Mais il ne faudrait pas pour autant espérer que, dans ce contexte, les instances européennes émettent une condamnation à l’encontre de la France. La diplomatie de l’ombre continue d’admettre que ce territoire tchadien relève d’une diplomatie « privative » de Paris. Une manière de dérogation en somme, qui autorise les dirigeants français à maintenir leur soutien à Idriss Déby Itno qui assure à qui veut l’entendre que la France sera toujours à ses côtés. Au mépris de la volonté des citoyens tchadiens. Vous avez dit « rupture » ? Quelle rupture ?

 (15 octobre 2009)

Le piège afghan

Mettre fin à la présence militaire américaine en Irak, et intensifier l’engagement en Afghanistan.
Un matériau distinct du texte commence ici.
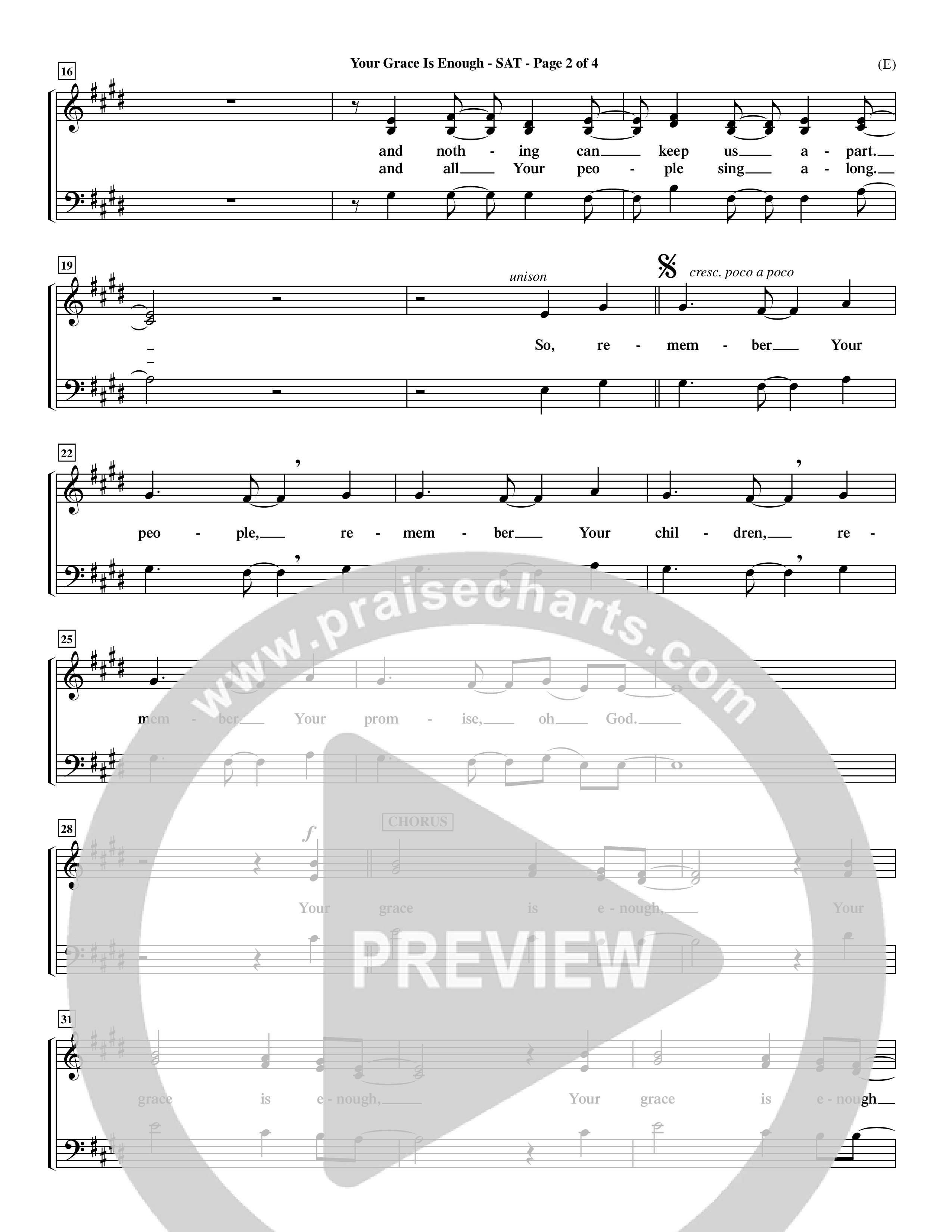 Your Grace Is Enough Lead Sheet (SAT) (Word Music / Orch. Dave Williamson)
Ainsi s’articulait la prise de risque politique du candidat Barack Obama, face à son adversaire John McCain. Les deux hommes avaient en commun de briguer la pire succession qui soit : la guerre en héritage. Au terme de la campagne, Obama aura donc su convaincre une Amérique déboussolée par les aventures guerrières de Bush et les signes multiples d’une défaite inéluctable.

Le postulat d’Obama, qui relevait à la fois de la stratégie de campagne, du pari politique et d’une conviction personnelle pourrait devenir, à l’épreuve de la réalité et du pouvoir, son pire cauchemar. Dans la perspective de l’héritage de deux guerres, l’Etat major de campagne d’Obama fut, un temps, fortement divisé, entre, d’une part, les « anti-guerre » qui préconisaient le double retrait d’Irak et d’Afghanistan, et d’autre part, les « real-politiques » qui préféraient ne pas se mettre à dos une partie de l’opinion traumatisée par les attentats du 11 septembre 2001.
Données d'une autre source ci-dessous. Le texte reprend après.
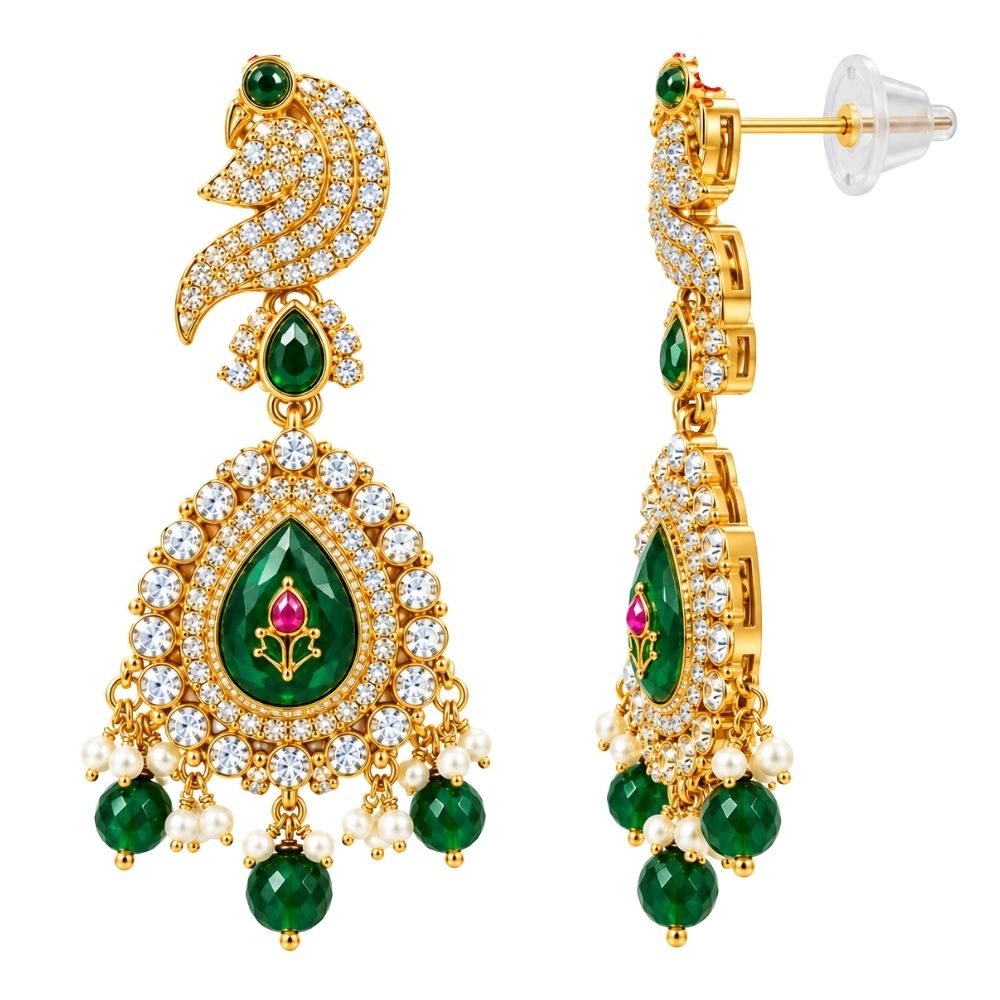 chandika- Green Layered Kundan Necklace Set with Maang Tikka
A cet électorat, attaché à une « Amérique forte », il fallait donner le gage de la continuité d’une revanche contre les ennemis de l’Amérique. Le postulat d’Obama – retrait d’Irak et engagement continu en Afghanistan – résultait donc d’un compromis politique. C’est ce choix, à la fois tactique et éminemment précaire, qui avait contraint le camp adverse de John McCain à radicaliser sa position, au risque d’apparaître comme un double va-t-en-guerre de George Bush. Aujourd’hui, le président élu mesure la double difficulté d’un retrait rapide des troupes d’Irak, et d’une justification renouvelée de l’engagement en Afghanistan. Confronté à la comptabilité macabre des soldats tués au sein des troupes américaines et coalisées en Afghanistan, et aussi à l’échec d’un dispositif politique installé à Kaboul au nom de la « démocratie » aujourd’hui discrédité par la corruption et la fraude électorale, Obama est un homme seul, piégé par l’héritage de la guerre.
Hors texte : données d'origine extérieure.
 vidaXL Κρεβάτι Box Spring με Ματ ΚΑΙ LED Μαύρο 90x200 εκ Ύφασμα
Face au scepticisme des Démocrates et à la pression revancharde des Républicains, voilà un Obama renvoyé à la position inconfortable d’un compromis impossible : trouver la juste solution entre les partisans de la guerre éternelle et ceux qui réclament le retrait urgent de ce nouveau « Vietnam ». Le Commandant in Chief est confronté à une expérience, vieille comme l’histoire des hommes : la solitude du pouvoir. Mais pour surmonter l’épreuve et poursuivre sereinement le chemin, la voie a rarement été aussi étroite.